== Action item ==
Among the entries below, how many lines include "Canvas"? Answer with the number only.

== Records ==
↓

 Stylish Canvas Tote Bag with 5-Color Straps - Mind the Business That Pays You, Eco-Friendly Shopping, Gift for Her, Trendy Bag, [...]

↑
↓

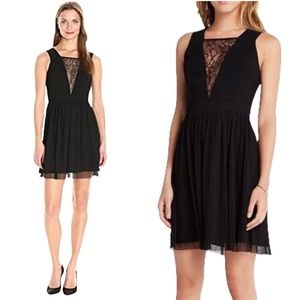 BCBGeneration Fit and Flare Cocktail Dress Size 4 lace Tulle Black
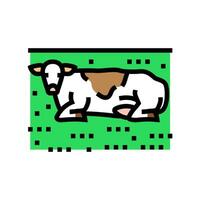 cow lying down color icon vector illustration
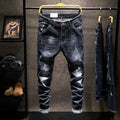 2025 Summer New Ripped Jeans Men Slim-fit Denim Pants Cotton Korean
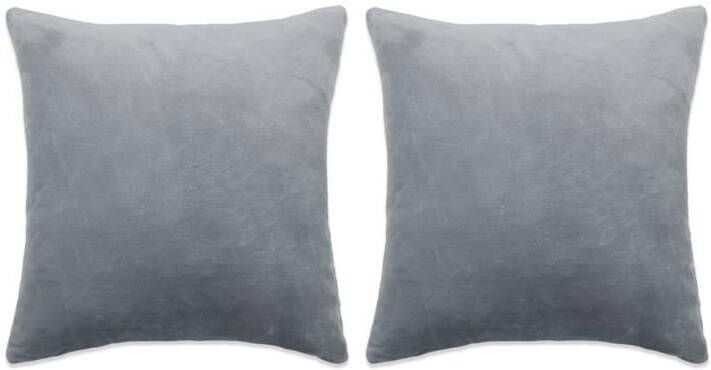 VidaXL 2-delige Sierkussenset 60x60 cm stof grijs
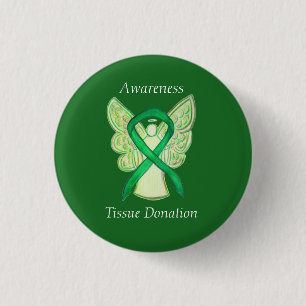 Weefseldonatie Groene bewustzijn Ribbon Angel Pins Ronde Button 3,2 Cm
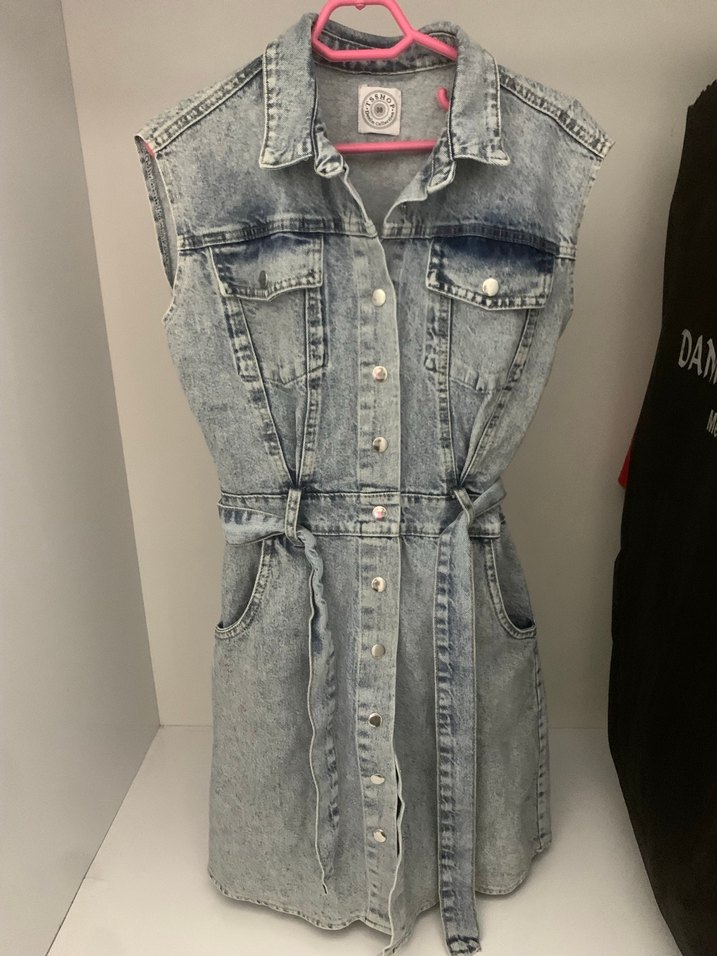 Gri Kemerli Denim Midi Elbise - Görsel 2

↑
↓

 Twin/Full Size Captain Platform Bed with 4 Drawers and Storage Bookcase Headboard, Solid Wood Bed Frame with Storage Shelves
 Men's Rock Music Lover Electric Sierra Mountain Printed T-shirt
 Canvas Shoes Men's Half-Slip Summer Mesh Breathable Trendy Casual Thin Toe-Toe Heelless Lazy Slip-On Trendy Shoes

↑

== Exercise solution ==
2